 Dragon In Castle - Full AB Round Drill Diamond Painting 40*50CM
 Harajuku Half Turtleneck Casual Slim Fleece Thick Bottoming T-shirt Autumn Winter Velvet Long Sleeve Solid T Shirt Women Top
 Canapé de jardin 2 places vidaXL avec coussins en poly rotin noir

▶ **Task instructions**: Word for word, copy the listing above in its entirety.

▶ **Final answer**:
 Dragon In Castle - Full AB Round Drill Diamond Painting 40*50CM
 Harajuku Half Turtleneck Casual Slim Fleece Thick Bottoming T-shirt Autumn Winter Velvet Long Sleeve Solid T Shirt Women Top
 Canapé de jardin 2 places vidaXL avec coussins en poly rotin noir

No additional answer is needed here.